I've added a little filter box to the list of tags on the right hand side of the pages. I find this quite useful to find stuff now my list of tags has grown to a horrendous length.
|Monday, January 31st, 2005|
|New plugin: Science
is now fully supported in CiteULike, which means you can add articles from it without having to type in the details.
|Friday, January 28th, 2005|
... and you can also post articles from IEEE Xplore
and have the details automatically appear for you.
Quick update: You can now post articles directly from the nature.com website without having to type the details in manually.
|Tuesday, January 18th, 2005|
|Post anything - not just from supported sites
I've obviously been spending too much time working on CiteULike and not enough time using it. It's only in the last few days I've discovered just how frustrating it is to get an error message when CiteULike won't let me post a particular article because it's not from a supported site.
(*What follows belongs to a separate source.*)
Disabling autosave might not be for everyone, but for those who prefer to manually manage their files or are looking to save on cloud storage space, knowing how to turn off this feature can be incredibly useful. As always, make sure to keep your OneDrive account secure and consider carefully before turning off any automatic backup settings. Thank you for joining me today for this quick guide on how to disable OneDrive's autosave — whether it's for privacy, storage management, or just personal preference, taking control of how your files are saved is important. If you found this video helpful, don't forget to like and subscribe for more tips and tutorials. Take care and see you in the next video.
So, I've removed this restriction. You can now post any URL you like. The only downside is that if it's not from a site that CiteULike knows about, you'll have to type in the citation details yourself.
There's a bit of history to why I decided to impose the restriction in the first place. When I wrote the site I didn't want it to become yet another social bookmarking site. I wanted it to fill a specific niche - academic articles. For it to be a useful academic resource, I reasoned, I had to make sure that users could browse about and get academic articles and not, say, details of chalets in France posted by a biochemist trying to organize his skiing holiday. That sort of thing would seriously devalue the site.
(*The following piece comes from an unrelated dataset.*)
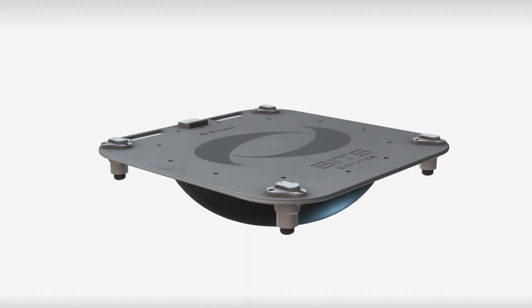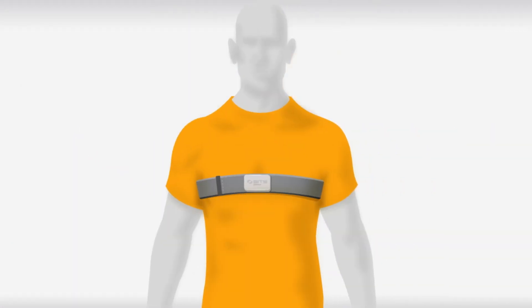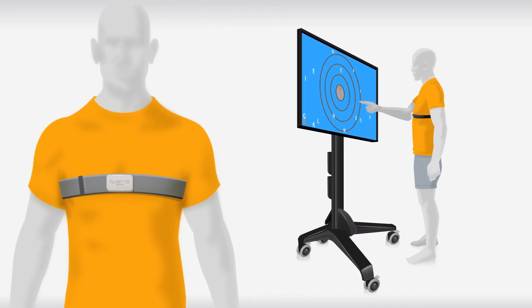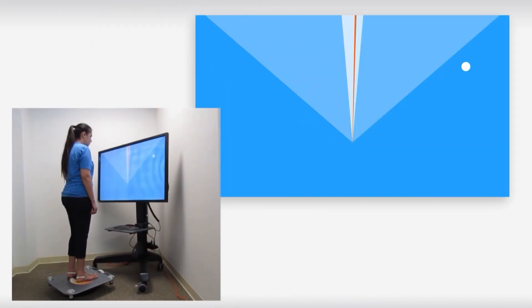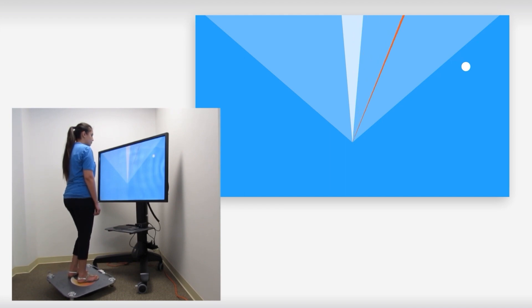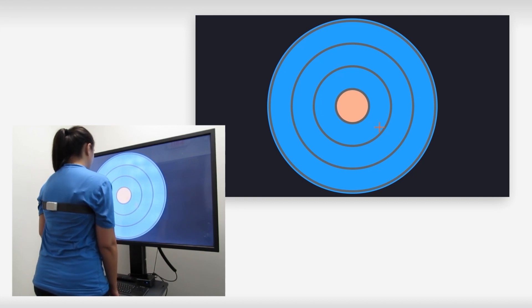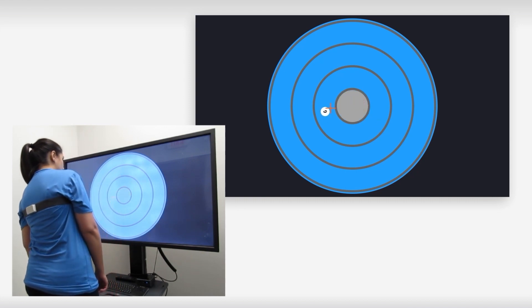Utilize the BITS Balance Platform and Motion Sensor Technology to challenge overall balance, stability, and strength. Track patient's posterior, anterior, and lateral movements during balance exercises to challenge both static and dynamic balance control.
Secondly, I wanted to make sure the citation details were reasonably accurate (and spam free), so I initially decided to only take this information from serious online databases (like PubMed and Sciencedirect).
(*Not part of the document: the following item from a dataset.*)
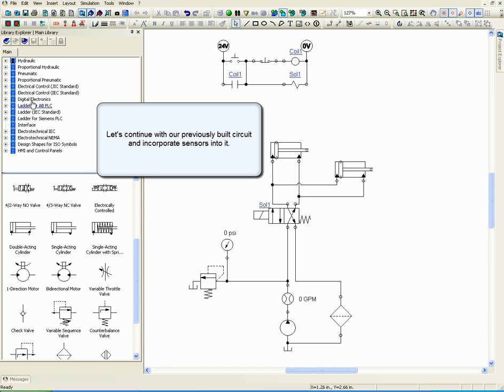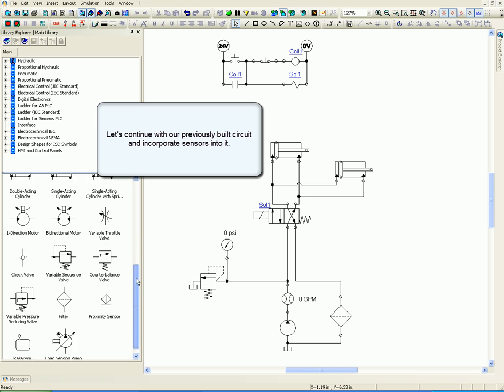Let's continue with our previously built circuit and incorporate sensors into it.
However, it's just far too annoying to be limited to a finite set of providers, so I had to make the change. There's still the issue of not polluting the quality of articles with arbitrary web pages though. To solve this, if you post a web page (or a PDF file, or whatever) from an unrecognized source, it will appear in you library, but not on the front page. Of course if you post the same article as others you'll still be able to see the "posted by x
others link" to find out who. This should hopefully be a reasonable compromise which will limit the damage that spammers can do to the site while allowing users the flexibility to actually store their entire bibliography online, and not just part of it.
Hope this helps.